### DATA PROVIDED

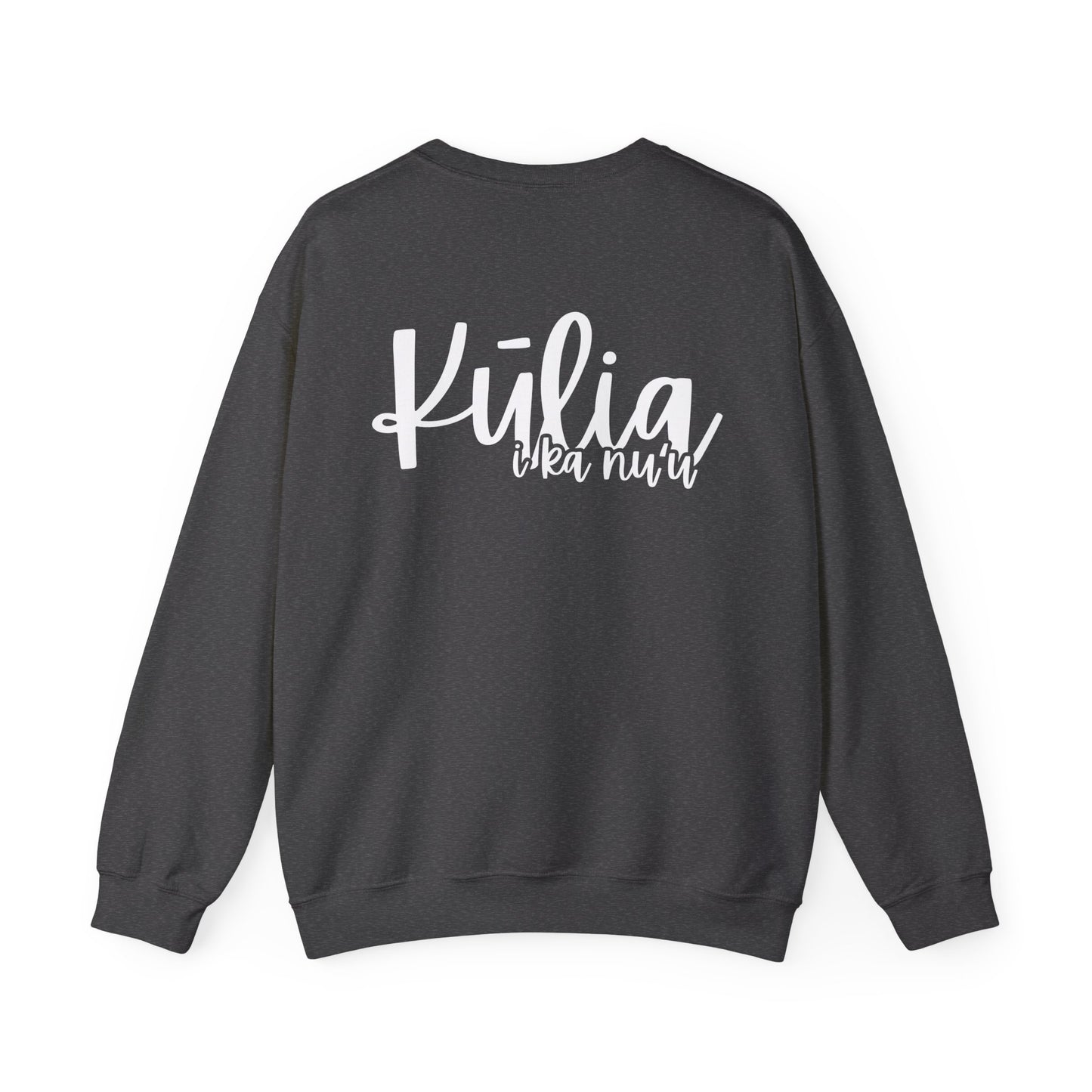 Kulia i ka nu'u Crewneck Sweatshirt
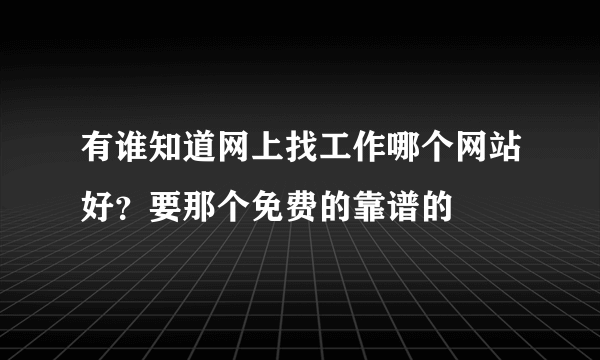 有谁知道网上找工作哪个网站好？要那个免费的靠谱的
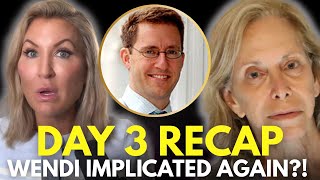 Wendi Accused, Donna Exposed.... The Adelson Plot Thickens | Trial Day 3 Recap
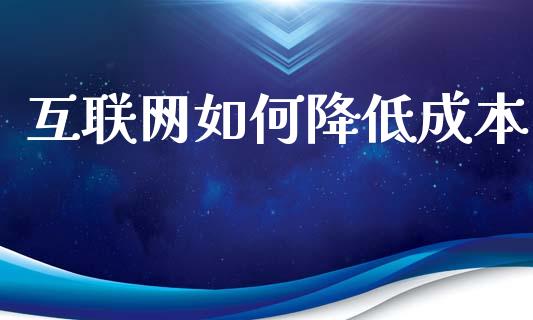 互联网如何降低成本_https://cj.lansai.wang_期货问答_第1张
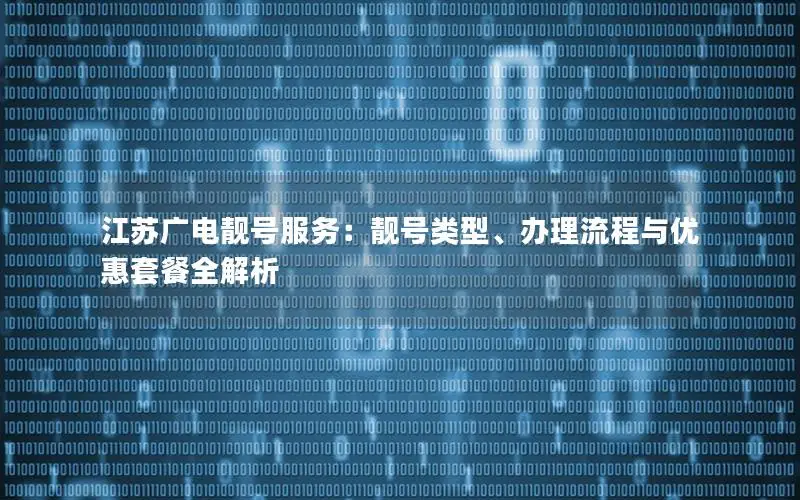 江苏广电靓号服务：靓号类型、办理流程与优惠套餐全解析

### YOUR GOAL
For each record above, write it out exactly and omit any picture.

### TASK RESPONSE
 Kulia i ka nu'u Crewneck Sweatshirt
 有谁知道网上找工作哪个网站好？要那个免费的靠谱的
 Wendi Accused, Donna Exposed.... The Adelson Plot Thickens | Trial Day 3 Recap
 互联网如何降低成本_https://cj.lansai.wang_期货问答_第1张
 江苏广电靓号服务：靓号类型、办理流程与优惠套餐全解析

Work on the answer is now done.